%%

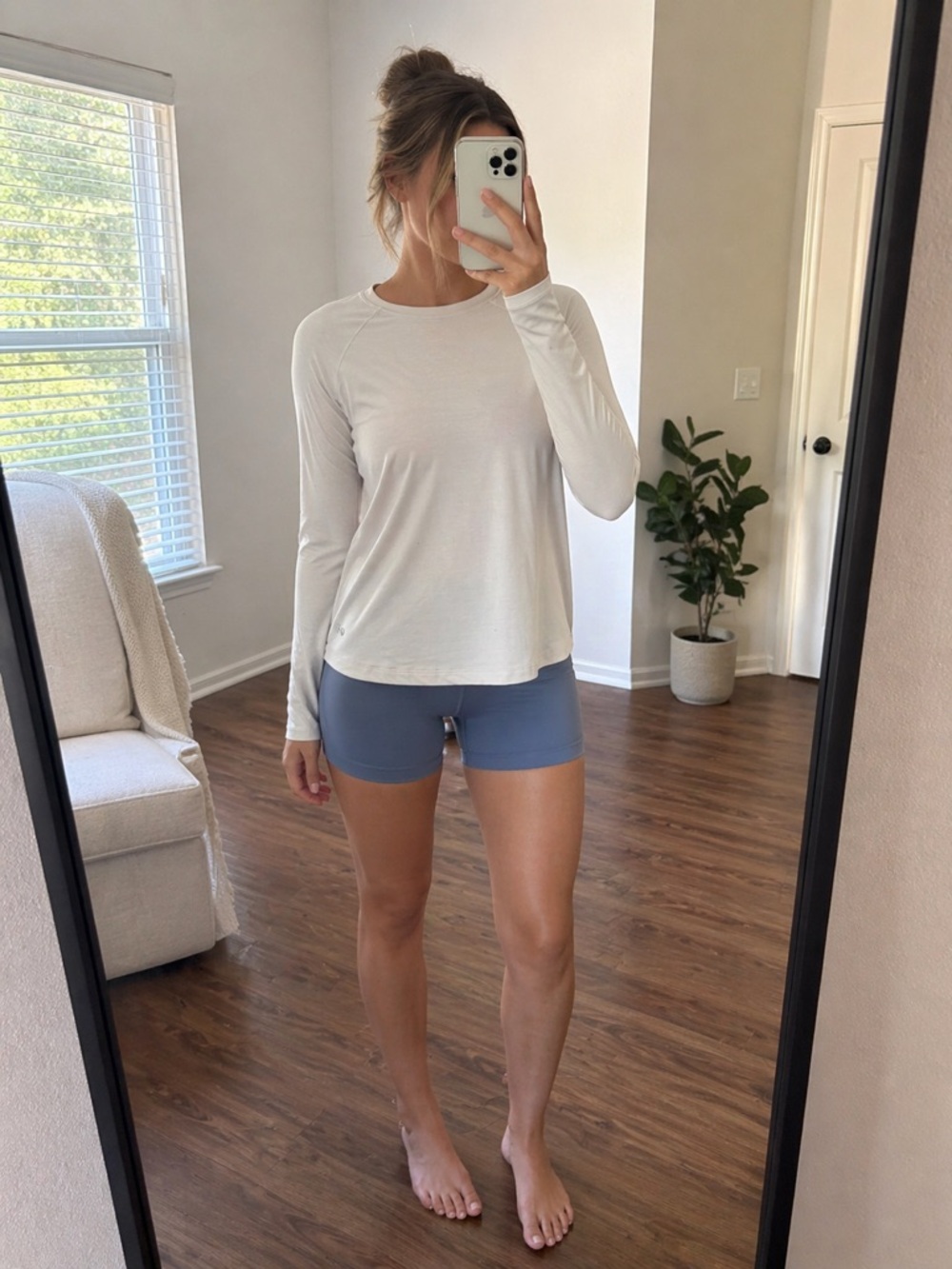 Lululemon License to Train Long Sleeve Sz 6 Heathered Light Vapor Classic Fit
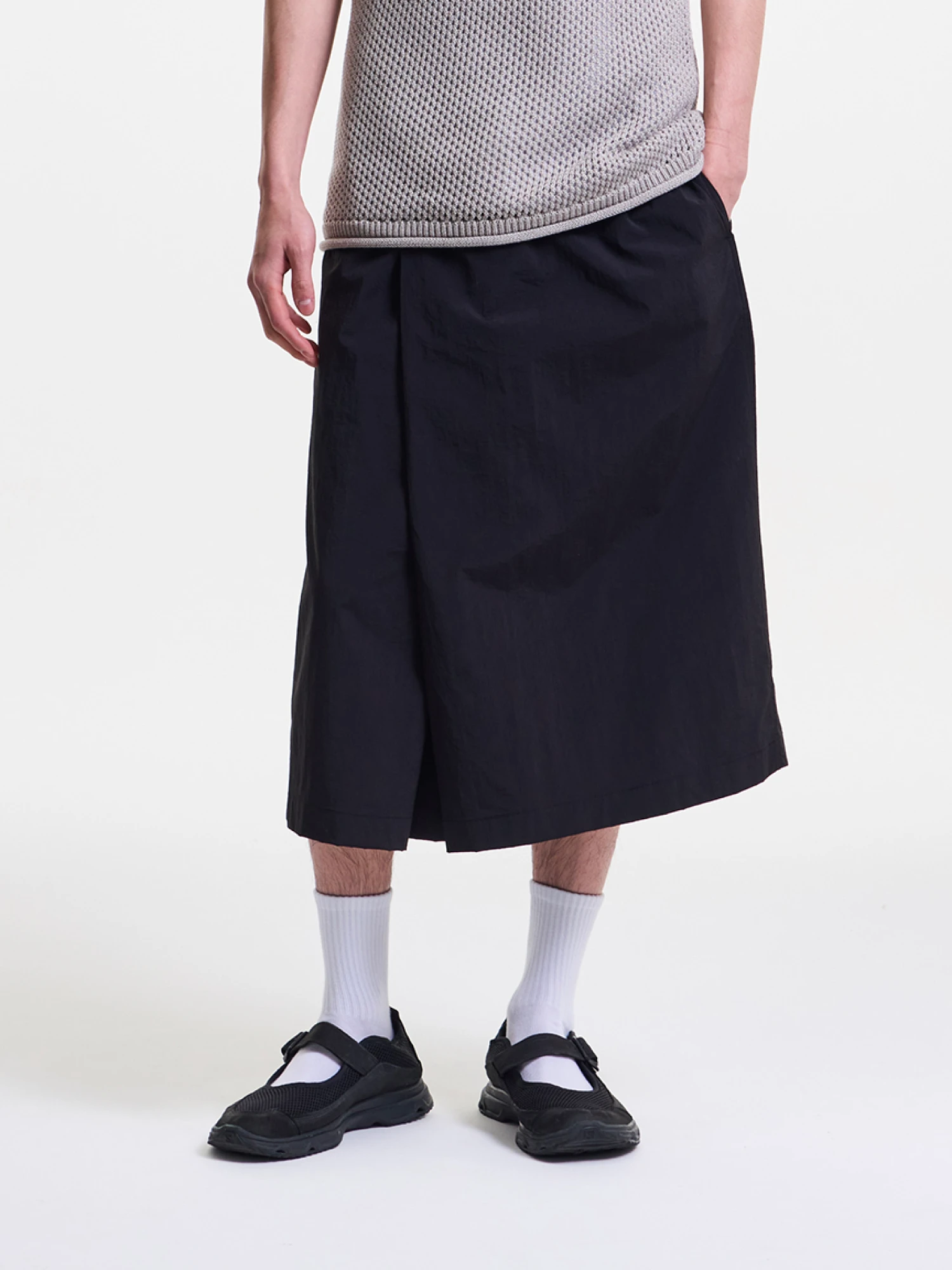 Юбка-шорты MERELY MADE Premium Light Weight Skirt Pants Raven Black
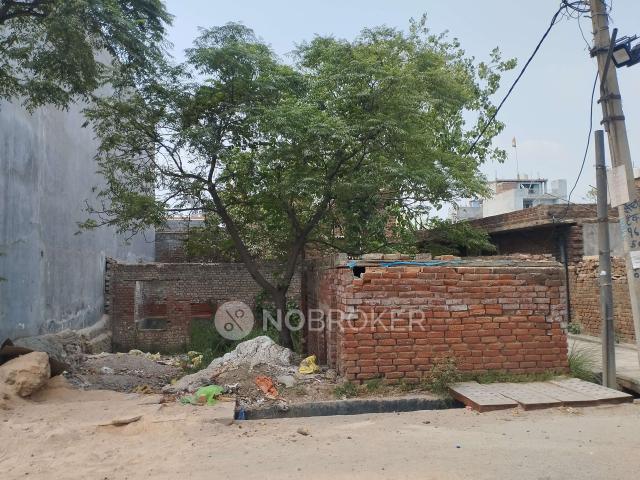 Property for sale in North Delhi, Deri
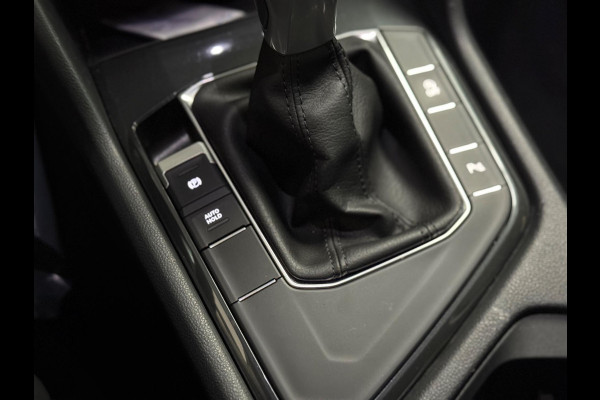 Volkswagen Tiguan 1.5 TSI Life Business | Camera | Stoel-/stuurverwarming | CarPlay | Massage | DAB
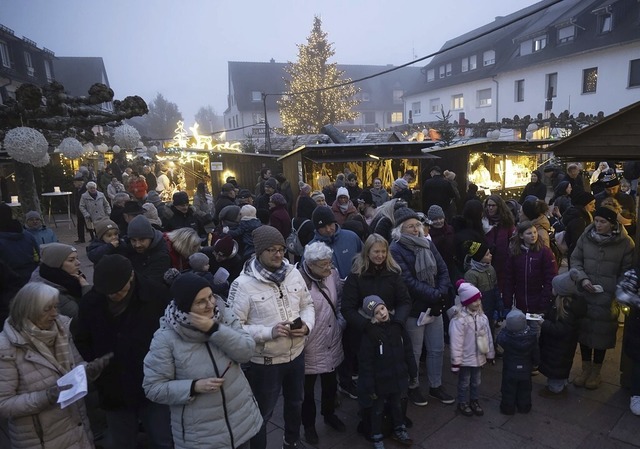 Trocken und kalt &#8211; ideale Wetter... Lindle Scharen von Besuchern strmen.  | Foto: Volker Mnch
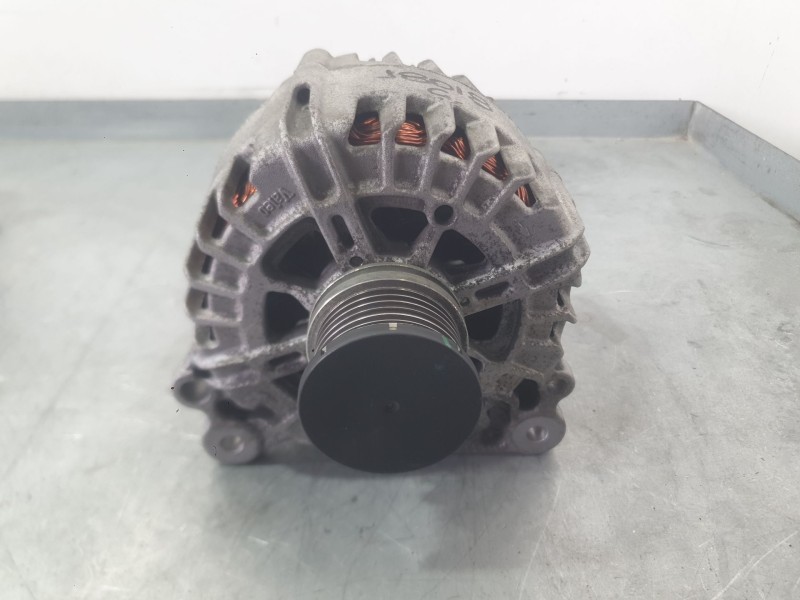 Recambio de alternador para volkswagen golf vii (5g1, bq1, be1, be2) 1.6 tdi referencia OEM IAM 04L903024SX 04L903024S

%%

Task: The line containing "Trocken und kalt" and every line after it, through the end of the material above, are to be printed exactly; no pictures belong in the output.

Response:
 Trocken und kalt &#8211; ideale Wetter... Lindle Scharen von Besuchern strmen.  | Foto: Volker Mnch
 Recambio de alternador para volkswagen golf vii (5g1, bq1, be1, be2) 1.6 tdi referencia OEM IAM 04L903024SX 04L903024S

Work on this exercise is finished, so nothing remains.